Knoxville Vice Mayor Mark Brown had a strange amalgam of supporters that resulted in his coming in second in the Knox County Commission's vote on picking a new Sessions Court judge. Brown, a Democrat from East Knoxville, came up only two votes short on the predominately Republican commission.

Councilman Steve Hall, a conservative Republican, went to the mat to find votes for council colleague Brown. Brown and his allies gave Hall crucial support when he was challenged by Democrat Ellen Adcock in his last City Council race. Hall is also a mentor to state Rep. Stacy Campfield, who plans to run for the state senate when state Sen. Tim Burchett leaves the office to run for county mayor. Brown's council district is in Burchett's senate district.

Brown also got support from Commissioner Greg "Lumpy" Lambert, who is a Republican now in deep do-do with his hometown Republican club as a result. Lambert also lusts after Burchett's senate seat, which as you may recall from the previous paragraph, includes Brown's council district.

Assistant District Attorney Patricia Hall Long won the seat by a 10-8 vote. She has political credentials—her mother is a Lambert of the Blount County Lamberts, which makes her related to state Rep. Joe McCord, long-time state Republican executive committee member Peggy Lambert, and Blount County Sheriff James "Jimbo" Berrong.

But Long's biggest Knoxville supporter was retired Sessions Judge Brenda Waggoner. People lobbying for Long convinced Republican commissioners that if they were to stop the Brown bandwagon they had to unite behind her candidacy. This left local attorney Chad Tindell hanging; he had support and was the second choice of other commissioners, but the Stop Brown movement took his votes to Long.
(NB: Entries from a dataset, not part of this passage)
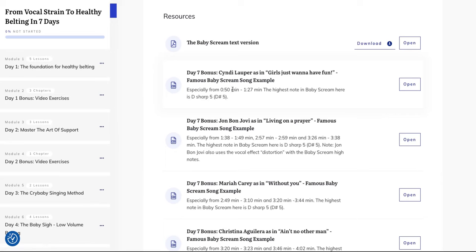And I also included the exact seconds and minutes from when to when she is singing baby scream. And there are also the notes, the highest note, for example, D sharp five.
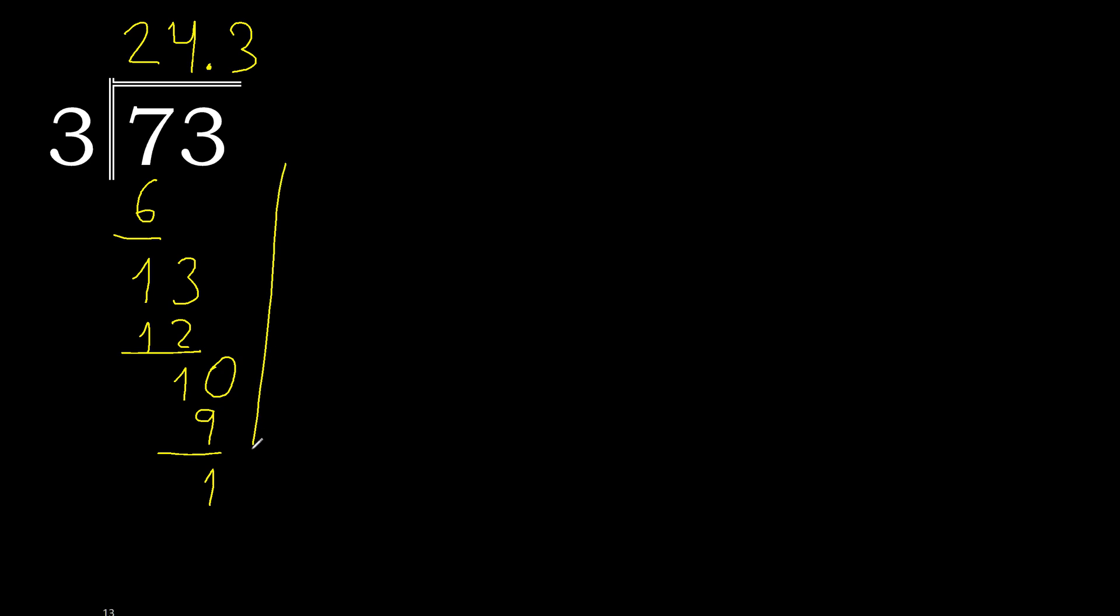1. There is no number. Therefore, complete. Always complete with 0. 10. Point is here. 10. 3 multiplied by 3 is 9. Subtract. Complete.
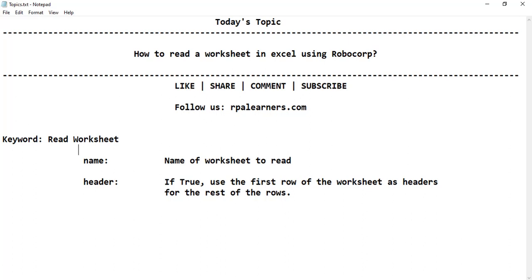Hello everyone, welcome to RPL Learners and in this video we are going to see how to read a worksheet in Excel using RoboCorp.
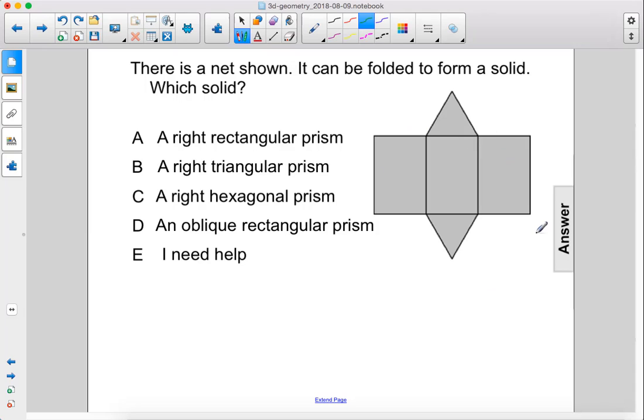There is a net shown. It can be folded to form a solid. Which solid?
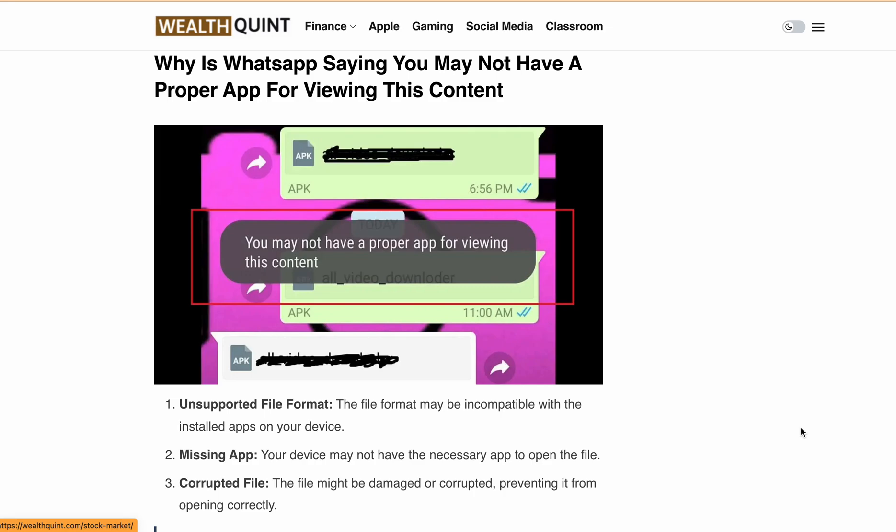Hello, welcome back to our YouTube channel. Are you struggling to open a file on WhatsApp and getting the error message 'You may not have a proper app for viewing this content'? Don't worry, I've got you covered. In today's video, I'll walk you through the reasons behind this issue and show you how you can fix it.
He withdrew.

Waggoner was not able to watch her protégé win the seat, however; she was in Newport helping preside over a Judiciary Court trial of a Sessions Court judge accused of sending probation services to his brother-in-law.

Residency or Not?

The decision to put Leon Daugherty on the ballot for commissioner from the 8th District was narrowly drawn, having to do with the election commission's authority to keep names off the ballot.

The decision by Chancellor Darryl Fansler did not resolve whether Knox County has a residency requirement or not. State law does not require a residency before running for election, but the Knox County charter requires a one-year residency before you can serve on County Commission. Daugherty built a house in the district and moved there in time to vote in the August election, but voted in another district in February. The Knox County Election Commission believes the residency requirement is valid.

Should Daugherty win, the issue could be challenged by the second-place finisher for a definitive ruling. In the meantime, Daugherty goes on the ballot and it will be up to the 8th District voters whether the residency issue matters. Daugherty was picked in a Democratic convention to oppose Republican Richard "Bud" Armstrong and independent Russell Huckaba. The seat, on the November ballot, is vacant after the election of incumbent Commissioner Phil Ballard to the office of tax assessor.

Causing a Ruckus

The Rev. John Stuart, pastor of Erin Presbyterian Church in West Knoxville, has a blog which carries his commentary, but also his "Stushie" political cartoons. Stuart is a native of Scotland and Stushie is a Scottish nickname for Stuart. It also means someone "causing a ruckus," according to Stuart's blog.

The blog is called Pushing the Envelope, with cartoons by Stushie, and is often linked by other blogs. But this past weekend they were featured on CNN. A feature on the blog and the Stushie cartoons ran on the news network four times over Saturday and Sunday.

Stuart has over 200 cartoons that have appeared on his blog since June 2007. It's at stushietoon.blogspot.com.